In the records that follow, find the line with "Monarch Butterfly Flight Sequence PNG Image"; from there, retype every line exactly through the line with "This image was", which also belongs to the answer.
*** DATA EXTRACTS ***
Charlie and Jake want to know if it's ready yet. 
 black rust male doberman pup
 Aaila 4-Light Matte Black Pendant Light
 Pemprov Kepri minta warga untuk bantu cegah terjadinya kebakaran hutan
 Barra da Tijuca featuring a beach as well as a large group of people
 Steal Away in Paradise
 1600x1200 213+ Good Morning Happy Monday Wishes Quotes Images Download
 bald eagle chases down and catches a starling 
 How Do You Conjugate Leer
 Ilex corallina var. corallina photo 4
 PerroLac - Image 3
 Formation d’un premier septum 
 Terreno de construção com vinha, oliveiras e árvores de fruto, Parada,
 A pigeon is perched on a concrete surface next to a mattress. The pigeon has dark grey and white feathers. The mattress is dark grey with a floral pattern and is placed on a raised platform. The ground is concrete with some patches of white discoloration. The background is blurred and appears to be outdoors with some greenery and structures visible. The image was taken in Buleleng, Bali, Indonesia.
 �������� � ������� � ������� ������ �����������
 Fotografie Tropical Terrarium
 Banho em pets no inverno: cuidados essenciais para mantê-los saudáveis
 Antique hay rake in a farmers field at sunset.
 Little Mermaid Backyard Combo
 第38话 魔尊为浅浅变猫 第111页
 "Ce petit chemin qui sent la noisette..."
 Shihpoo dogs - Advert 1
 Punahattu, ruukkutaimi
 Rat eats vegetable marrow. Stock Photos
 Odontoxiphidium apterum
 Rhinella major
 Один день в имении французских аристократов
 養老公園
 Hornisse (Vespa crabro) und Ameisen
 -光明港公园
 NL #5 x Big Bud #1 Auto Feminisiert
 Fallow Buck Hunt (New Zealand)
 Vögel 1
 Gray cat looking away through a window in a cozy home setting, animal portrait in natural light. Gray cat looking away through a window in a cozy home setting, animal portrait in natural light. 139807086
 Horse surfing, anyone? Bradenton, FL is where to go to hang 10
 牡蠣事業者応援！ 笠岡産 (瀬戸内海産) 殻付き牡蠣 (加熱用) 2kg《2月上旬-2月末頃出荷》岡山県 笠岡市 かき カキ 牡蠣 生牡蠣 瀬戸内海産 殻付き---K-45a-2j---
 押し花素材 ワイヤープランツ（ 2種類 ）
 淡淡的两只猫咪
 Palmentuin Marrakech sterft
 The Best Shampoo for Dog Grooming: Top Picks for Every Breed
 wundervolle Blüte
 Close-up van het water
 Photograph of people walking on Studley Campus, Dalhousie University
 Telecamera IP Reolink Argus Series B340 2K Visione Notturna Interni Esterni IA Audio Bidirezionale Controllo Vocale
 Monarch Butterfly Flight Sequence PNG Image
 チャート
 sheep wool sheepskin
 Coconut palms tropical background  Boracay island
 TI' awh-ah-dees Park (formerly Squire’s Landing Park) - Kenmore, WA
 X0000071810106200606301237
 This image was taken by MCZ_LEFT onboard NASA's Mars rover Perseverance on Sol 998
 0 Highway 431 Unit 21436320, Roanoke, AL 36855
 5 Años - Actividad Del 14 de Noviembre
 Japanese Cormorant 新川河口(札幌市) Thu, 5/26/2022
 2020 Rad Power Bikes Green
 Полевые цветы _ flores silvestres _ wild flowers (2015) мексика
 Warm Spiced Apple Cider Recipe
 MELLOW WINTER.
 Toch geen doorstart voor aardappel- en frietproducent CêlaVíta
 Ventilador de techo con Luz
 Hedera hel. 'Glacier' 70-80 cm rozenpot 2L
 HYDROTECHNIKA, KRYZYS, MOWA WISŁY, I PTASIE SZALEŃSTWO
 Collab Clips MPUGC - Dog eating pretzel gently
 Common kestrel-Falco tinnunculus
*** End of DATA EXTRACTS ***
* _RESULT BELOW_
 Monarch Butterfly Flight Sequence PNG Image
 チャート
 sheep wool sheepskin
 Coconut palms tropical background  Boracay island
 TI' awh-ah-dees Park (formerly Squire’s Landing Park) - Kenmore, WA
 X0000071810106200606301237
 This image was taken by MCZ_LEFT onboard NASA's Mars rover Perseverance on Sol 998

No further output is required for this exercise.